_THE RECORDS:_
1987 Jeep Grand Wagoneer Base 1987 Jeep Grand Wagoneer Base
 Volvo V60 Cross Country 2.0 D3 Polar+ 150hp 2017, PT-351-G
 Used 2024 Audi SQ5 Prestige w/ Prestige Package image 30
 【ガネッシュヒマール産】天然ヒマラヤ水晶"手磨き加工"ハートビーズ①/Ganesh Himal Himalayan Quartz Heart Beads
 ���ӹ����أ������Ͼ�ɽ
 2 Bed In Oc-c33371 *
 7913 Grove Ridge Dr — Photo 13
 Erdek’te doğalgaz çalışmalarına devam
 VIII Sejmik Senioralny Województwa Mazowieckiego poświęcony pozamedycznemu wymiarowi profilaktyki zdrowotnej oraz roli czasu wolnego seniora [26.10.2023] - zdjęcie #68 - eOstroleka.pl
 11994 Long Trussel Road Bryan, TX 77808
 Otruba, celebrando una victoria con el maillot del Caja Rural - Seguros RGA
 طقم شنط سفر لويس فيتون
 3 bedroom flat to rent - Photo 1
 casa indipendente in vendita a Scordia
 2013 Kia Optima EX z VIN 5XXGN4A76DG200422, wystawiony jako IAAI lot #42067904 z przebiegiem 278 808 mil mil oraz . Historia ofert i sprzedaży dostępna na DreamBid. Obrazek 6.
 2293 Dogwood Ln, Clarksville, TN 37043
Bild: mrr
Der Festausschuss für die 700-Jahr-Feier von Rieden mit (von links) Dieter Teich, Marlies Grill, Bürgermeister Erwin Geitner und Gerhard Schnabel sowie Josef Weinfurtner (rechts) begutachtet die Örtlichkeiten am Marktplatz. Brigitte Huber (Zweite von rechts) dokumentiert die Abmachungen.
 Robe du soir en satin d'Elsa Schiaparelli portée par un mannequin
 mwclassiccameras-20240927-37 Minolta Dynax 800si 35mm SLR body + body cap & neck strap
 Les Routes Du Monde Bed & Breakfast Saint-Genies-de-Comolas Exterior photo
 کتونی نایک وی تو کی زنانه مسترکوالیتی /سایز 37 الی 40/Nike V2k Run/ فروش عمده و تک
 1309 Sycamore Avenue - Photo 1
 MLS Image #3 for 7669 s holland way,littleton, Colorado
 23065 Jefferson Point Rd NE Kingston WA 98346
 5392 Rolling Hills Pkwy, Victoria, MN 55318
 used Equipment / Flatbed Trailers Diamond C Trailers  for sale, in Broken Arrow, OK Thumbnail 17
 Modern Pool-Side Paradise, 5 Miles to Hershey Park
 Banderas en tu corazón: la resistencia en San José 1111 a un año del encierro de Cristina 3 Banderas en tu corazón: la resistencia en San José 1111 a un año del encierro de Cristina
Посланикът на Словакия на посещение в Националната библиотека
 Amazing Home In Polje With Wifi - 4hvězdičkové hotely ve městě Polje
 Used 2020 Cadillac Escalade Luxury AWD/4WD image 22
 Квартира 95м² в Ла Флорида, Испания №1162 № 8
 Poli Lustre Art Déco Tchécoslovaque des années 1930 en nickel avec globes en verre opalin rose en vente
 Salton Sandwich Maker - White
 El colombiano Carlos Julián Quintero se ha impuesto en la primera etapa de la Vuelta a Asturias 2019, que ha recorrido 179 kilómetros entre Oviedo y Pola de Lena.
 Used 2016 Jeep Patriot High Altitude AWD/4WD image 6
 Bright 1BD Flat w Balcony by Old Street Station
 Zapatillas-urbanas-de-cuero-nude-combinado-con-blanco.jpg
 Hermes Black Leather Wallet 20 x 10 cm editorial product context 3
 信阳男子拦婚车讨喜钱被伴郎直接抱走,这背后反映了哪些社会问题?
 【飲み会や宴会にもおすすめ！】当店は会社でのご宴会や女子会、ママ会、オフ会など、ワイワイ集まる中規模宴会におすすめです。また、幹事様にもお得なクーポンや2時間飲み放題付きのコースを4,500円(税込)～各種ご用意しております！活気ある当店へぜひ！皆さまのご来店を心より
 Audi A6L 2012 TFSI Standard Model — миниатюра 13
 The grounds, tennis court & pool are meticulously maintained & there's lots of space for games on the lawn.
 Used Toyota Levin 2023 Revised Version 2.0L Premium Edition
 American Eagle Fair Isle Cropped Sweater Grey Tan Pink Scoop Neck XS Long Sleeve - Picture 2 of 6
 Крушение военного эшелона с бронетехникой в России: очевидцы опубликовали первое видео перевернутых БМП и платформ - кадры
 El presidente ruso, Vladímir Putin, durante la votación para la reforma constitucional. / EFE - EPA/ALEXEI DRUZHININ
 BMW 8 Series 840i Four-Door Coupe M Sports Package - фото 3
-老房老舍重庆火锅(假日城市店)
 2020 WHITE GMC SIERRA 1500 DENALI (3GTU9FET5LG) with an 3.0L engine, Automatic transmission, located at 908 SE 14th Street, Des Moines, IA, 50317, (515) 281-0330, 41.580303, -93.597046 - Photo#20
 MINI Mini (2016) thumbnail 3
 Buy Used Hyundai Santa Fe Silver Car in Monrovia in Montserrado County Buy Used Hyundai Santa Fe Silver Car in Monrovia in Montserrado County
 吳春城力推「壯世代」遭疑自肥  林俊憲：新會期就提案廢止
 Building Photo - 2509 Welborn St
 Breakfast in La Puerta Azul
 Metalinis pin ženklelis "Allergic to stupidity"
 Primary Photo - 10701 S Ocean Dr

_WHAT THIS TASK INVOLVES:_ An exact copy of the line containing "El presidente ruso, Vladímir" and all lines after it, through the last line of the entries, is the required answer.

_ANSWER FOR THIS EXERCISE:_
 El presidente ruso, Vladímir Putin, durante la votación para la reforma constitucional. / EFE - EPA/ALEXEI DRUZHININ
 BMW 8 Series 840i Four-Door Coupe M Sports Package - фото 3
-老房老舍重庆火锅(假日城市店)
 2020 WHITE GMC SIERRA 1500 DENALI (3GTU9FET5LG) with an 3.0L engine, Automatic transmission, located at 908 SE 14th Street, Des Moines, IA, 50317, (515) 281-0330, 41.580303, -93.597046 - Photo#20
 MINI Mini (2016) thumbnail 3
 Buy Used Hyundai Santa Fe Silver Car in Monrovia in Montserrado County Buy Used Hyundai Santa Fe Silver Car in Monrovia in Montserrado County
 吳春城力推「壯世代」遭疑自肥  林俊憲：新會期就提案廢止
 Building Photo - 2509 Welborn St
 Breakfast in La Puerta Azul
 Metalinis pin ženklelis "Allergic to stupidity"
 Primary Photo - 10701 S Ocean Dr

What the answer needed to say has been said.